Command What it does File
sb chat-doctor [summary\|turns\|retries\|tools\|stalls] Read-only query over chat_turn_journal from outside the REPL (e.g. post-incident triage). brain/cli/chat.py
/diag in REPL (alias /doctor) Same queries rendered inside the running session. brain/chat/commands/diag.py
/health [status\|risks\|policy\|approve\|deny\|resume\|observe\|json] Live enforced health snapshot and recovery controls for the running REPL session. brain/chat/commands/health.py

Test coverage

File What it covers
tests/chat/test_turn_journal.py Schema creation, record_start/end, transport warnings, fallback recording, per-tool events, all query_* methods, disabled-journal no-op fallback.
tests/chat/test_chat_transport.py Happy-path journal row, kwargs forwarding, fallback notice (degraded=True), silent-downgrade (mismatched responding_provider), suppressed console when show_fallback_notice=False, harness exception records abort_reason, abandoned/orphan tool invariants, phase propagation to TerminalCallbacks, _ContentIdleWatchdog fire + reset, _JournalingToolCallback duplicate detection, composite chain walk.
tests/chat/test_chat_transport_soak.py Long session (20 turns) without leakage, alternating success/fallback, exception does not poison next turn, repeated overload counter, _current_turn_id reset between turns.
tests/chat/test_diag_command.py All /diag sub-commands render Rich tables correctly, empty-journal hint, missing-transport hint, return-False-to-stay-in-REPL invariant.

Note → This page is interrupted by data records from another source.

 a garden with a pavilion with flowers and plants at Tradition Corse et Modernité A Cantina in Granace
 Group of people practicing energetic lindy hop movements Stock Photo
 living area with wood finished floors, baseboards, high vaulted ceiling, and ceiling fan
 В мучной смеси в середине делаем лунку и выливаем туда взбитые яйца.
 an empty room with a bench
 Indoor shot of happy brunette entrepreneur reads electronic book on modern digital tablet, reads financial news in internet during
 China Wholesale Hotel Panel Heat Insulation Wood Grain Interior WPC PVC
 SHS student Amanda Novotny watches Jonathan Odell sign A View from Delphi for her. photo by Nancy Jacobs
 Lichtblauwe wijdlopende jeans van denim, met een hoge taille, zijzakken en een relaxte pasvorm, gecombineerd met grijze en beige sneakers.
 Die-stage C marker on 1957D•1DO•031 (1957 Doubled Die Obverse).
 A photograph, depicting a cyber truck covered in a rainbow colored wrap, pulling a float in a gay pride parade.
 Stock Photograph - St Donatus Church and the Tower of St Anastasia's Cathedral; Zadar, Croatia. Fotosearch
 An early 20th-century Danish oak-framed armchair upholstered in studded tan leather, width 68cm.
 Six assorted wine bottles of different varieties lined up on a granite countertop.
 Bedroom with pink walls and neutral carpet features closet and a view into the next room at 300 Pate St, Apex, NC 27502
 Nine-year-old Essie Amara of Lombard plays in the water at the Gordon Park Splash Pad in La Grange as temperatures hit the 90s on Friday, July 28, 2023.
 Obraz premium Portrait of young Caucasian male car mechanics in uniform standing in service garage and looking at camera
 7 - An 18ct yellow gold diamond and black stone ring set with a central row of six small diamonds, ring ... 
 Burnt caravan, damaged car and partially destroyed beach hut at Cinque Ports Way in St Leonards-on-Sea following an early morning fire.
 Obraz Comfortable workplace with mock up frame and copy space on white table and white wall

Run just the reliability tests::

.venv/bin/python -m pytest tests/chat/test_turn_journal.py \
    tests/chat/test_chat_transport.py \
    tests/chat/test_chat_transport_soak.py \
    tests/chat/test_diag_command.py -q

Operator notes

  • Journal table lives in the same DB as EventLog.db_path (runtime.db). The migration is idempotent; it runs lazily on first TurnJournal instantiation.
  • sb chat-doctor is the post-mortem entry point when the REPL has already exited. /diag is the live counterpart during a session.
  • Silent fallbacks are gone — every ProviderChain failover now either prints a yellow ⚠ provider fallback: line or, if show_fallback_notice=False, writes the row to chat_turn_journal.fallback_reason. Neither path loses the signal.
  • To reset the journal during testing, delete runtime.db or point SB_STATE_DIR at an empty directory. The migration recreates the schema on the next sb chat invocation.